> **What this task involves**
Every line from the beginning of the data through the line containing "Presidente envía nominación" should be reproduced exactly, and no further lines should be output.

> **Source information**
"""

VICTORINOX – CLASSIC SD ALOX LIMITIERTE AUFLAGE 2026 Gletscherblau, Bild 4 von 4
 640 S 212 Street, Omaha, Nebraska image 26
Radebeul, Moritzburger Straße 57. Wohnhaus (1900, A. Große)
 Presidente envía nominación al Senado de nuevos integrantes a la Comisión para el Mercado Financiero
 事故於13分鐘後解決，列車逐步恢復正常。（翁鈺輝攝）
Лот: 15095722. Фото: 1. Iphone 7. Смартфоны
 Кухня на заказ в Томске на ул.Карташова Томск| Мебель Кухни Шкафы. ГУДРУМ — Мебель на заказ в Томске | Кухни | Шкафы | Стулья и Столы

"""

> **Answer to this task**
VICTORINOX – CLASSIC SD ALOX LIMITIERTE AUFLAGE 2026 Gletscherblau, Bild 4 von 4
 640 S 212 Street, Omaha, Nebraska image 26
Radebeul, Moritzburger Straße 57. Wohnhaus (1900, A. Große)
 Presidente envía nominación al Senado de nuevos integrantes a la Comisión para el Mercado Financiero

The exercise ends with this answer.